The human sense of touch is an intricate and highly developed system, allowing us to perceive and interact with the world in a nuanced way. Our skin is equipped with an array of sensors, including mechanoreceptors, that detect pressure, vibration, and more. This intricate network enables us to experience a vast spectrum of tactile sensations, from the gentle brush of a breeze to the firm handshake of a friend.
Reproducing this capability in robots is a complex challenge that has proven difficult to achieve with anywhere near the same level of sophistication. One key limitation is the inability of existing sensors to simultaneously achieve high sensitivity and a rapid response to changes in texture. These capabilities must coexist and be exquisitely sensitive to rival human-like sensing performance.
Due to technical limitations, current sensing devices often prioritize one aspect over the other, leading to a trade-off between sensitivity and responsiveness. Achieving a delicate balance that mirrors the human sense of touch is essential for enabling robots to navigate and interact with their environments with the same level of dexterity and intuition as humans.
Until researchers can overcome these challenges, robotic touch sensors will fall short of the needs of applications involving more sophisticated and versatile robotic interactions, such as those in fields ranging from manufacturing to healthcare.

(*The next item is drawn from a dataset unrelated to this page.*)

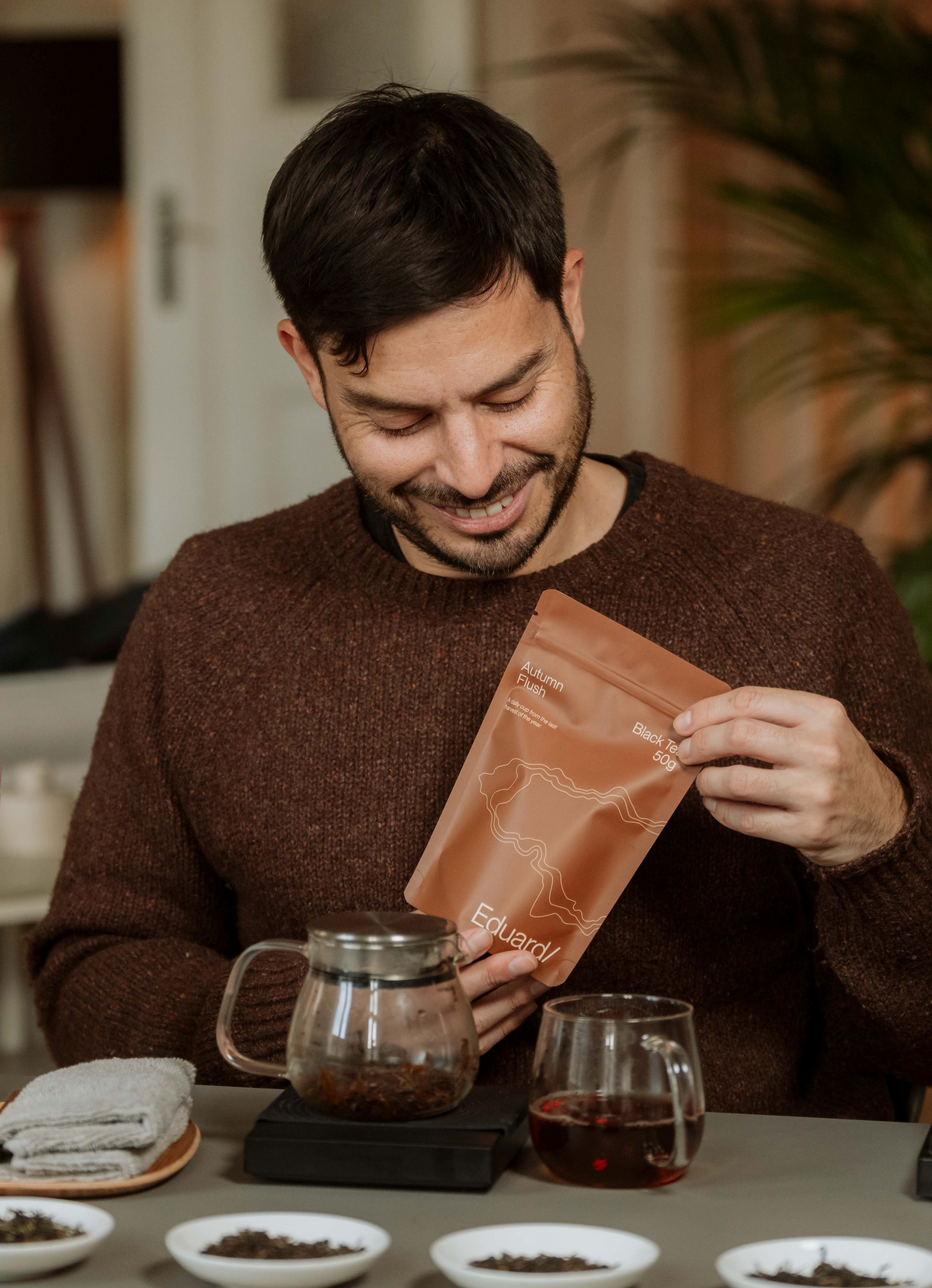 Eduardo opening a pouch of tea at a tasting table with a glass teapot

A step in the right direction has recently been announced by a team led by researchers at the Southern University of Science and Technology. They have developed a robotic sensory system that can detect both static and dynamic stimuli with a high level of accuracy. They have shown that this system is useful in distinguishing even very fine details of surface features.
The key to the team’s success lies in the tunable electric double layers, with a nanoscale charge separation for capacitive signals, that make up their sensors. In conjunction with the use of a low-viscosity ionic material that was leveraged to create a unique microstructural design, these innovations allow the sensor to be both very accurate and capable of sensing high speed vibrations. When combined with a machine learning classifier, it was found that this system could learn to recognize some very complex features.
The soft, flexible sensor was attached to the fingertip of a prosthetic human hand as part of a test rig designed to assess the performance of the system. The fingertip was then slid over 20 different types of textiles, and the sensor readings were forwarded into a random forest classification algorithm. Classifications were provided in real-time, and an average accuracy rate of 100% was observed. While this is clearly a very impressive result, it is important to note that only 20 textures were included in the study. Larger scale experiments would need to be conducted to give a better idea of how the sensing system would perform under real-world conditions.
Looking ahead, the researchers believe that with some refinement of their techniques, there may be a number of potential commercial applications for their technology. These applications could be in areas as diverse as virtual reality and artificial prosthetic limbs.